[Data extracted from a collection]
-.-.-
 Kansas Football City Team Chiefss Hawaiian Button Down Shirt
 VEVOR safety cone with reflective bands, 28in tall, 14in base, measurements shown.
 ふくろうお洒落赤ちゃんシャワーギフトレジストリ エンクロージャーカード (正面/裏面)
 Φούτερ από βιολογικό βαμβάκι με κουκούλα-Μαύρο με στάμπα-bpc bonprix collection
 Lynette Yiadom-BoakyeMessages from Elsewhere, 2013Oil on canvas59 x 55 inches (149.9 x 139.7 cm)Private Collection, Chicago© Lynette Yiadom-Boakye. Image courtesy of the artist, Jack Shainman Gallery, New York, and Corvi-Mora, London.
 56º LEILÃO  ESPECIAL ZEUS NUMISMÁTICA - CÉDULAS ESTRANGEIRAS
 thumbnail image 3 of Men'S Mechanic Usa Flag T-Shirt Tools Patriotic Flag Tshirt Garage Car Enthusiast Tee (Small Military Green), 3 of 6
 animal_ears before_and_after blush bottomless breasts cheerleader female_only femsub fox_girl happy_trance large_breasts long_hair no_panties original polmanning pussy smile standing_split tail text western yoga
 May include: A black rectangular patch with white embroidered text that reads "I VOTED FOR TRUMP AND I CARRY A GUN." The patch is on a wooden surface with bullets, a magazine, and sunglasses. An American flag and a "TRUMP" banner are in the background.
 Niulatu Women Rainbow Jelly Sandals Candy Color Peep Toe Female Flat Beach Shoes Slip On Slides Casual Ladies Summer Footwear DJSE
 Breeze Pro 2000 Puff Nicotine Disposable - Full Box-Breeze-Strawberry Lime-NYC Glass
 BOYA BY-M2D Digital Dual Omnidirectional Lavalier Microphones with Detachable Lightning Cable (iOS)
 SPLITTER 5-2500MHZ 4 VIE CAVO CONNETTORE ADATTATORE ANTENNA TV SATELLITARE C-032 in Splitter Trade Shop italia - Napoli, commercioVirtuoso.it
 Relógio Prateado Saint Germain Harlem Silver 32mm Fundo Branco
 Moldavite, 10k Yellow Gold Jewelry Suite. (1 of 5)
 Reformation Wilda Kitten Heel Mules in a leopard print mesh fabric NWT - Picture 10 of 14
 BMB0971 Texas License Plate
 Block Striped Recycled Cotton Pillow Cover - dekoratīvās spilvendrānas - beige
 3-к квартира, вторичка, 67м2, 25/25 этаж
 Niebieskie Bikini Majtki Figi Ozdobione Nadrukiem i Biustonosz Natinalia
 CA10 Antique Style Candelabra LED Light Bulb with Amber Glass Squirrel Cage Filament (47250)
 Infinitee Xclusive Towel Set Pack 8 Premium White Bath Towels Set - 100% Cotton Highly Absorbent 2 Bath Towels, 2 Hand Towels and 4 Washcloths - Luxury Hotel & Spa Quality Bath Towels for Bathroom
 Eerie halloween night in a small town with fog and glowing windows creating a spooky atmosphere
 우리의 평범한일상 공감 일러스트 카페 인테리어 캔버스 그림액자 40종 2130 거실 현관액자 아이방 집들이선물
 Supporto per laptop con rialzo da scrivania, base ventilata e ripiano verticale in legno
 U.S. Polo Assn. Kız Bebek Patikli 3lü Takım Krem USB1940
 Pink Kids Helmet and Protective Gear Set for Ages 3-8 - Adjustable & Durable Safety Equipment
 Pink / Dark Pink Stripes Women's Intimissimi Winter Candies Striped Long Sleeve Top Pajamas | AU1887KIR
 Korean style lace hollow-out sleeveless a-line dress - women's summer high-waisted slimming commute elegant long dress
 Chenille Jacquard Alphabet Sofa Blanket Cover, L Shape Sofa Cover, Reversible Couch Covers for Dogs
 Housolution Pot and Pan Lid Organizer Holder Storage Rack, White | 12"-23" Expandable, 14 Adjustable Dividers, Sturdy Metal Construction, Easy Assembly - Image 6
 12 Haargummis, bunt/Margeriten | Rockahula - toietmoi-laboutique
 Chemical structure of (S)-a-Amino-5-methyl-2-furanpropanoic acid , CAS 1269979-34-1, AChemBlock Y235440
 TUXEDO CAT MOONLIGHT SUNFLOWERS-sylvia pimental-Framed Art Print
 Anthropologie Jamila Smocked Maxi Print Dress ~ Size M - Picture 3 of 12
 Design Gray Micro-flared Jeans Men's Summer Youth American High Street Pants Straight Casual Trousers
-.-.-
Show each line of the data that contains the string "Shirt".

 Kansas Football City Team Chiefss Hawaiian Button Down Shirt
 thumbnail image 3 of Men'S Mechanic Usa Flag T-Shirt Tools Patriotic Flag Tshirt Garage Car Enthusiast Tee (Small Military Green), 3 of 6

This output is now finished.